## Source data

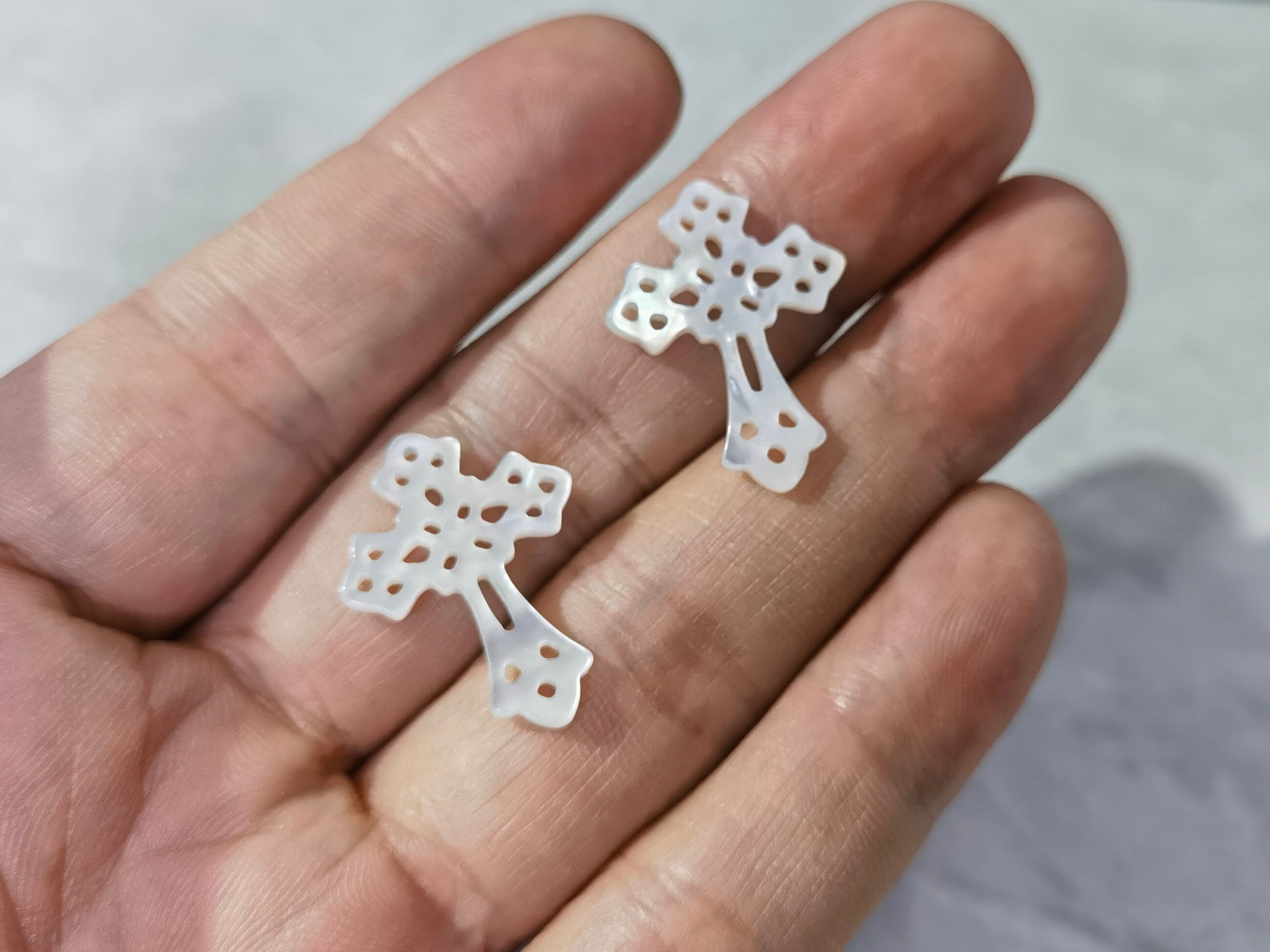 Lot De 4 Pendentifs Breloques Croix En Nacre Naturelle - Blanc, 22mm, Référence 45585500134, Neufs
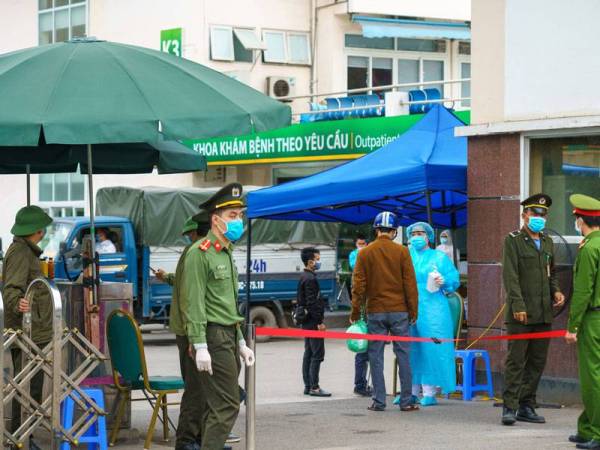 Kawalan ketat di pintu masuk utama hospital Bach Mai, dikunci sebagai kawasan utama wabak Covid-19, baru-baru ini. Foto: 123RF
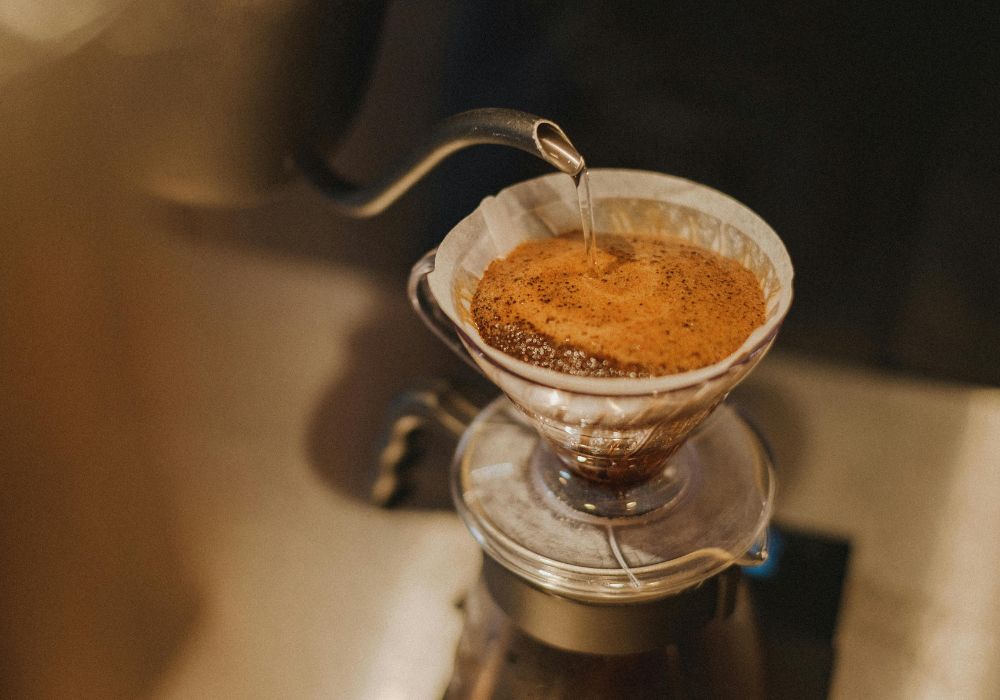 O café coado é o método de preparo do café mais tradicional nos lares brasileiros.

## Instructions to follow
Output the whole listing exactly. Pictures stay out.

## Reply
 Lot De 4 Pendentifs Breloques Croix En Nacre Naturelle - Blanc, 22mm, Référence 45585500134, Neufs
 Kawalan ketat di pintu masuk utama hospital Bach Mai, dikunci sebagai kawasan utama wabak Covid-19, baru-baru ini. Foto: 123RF
 O café coado é o método de preparo do café mais tradicional nos lares brasileiros.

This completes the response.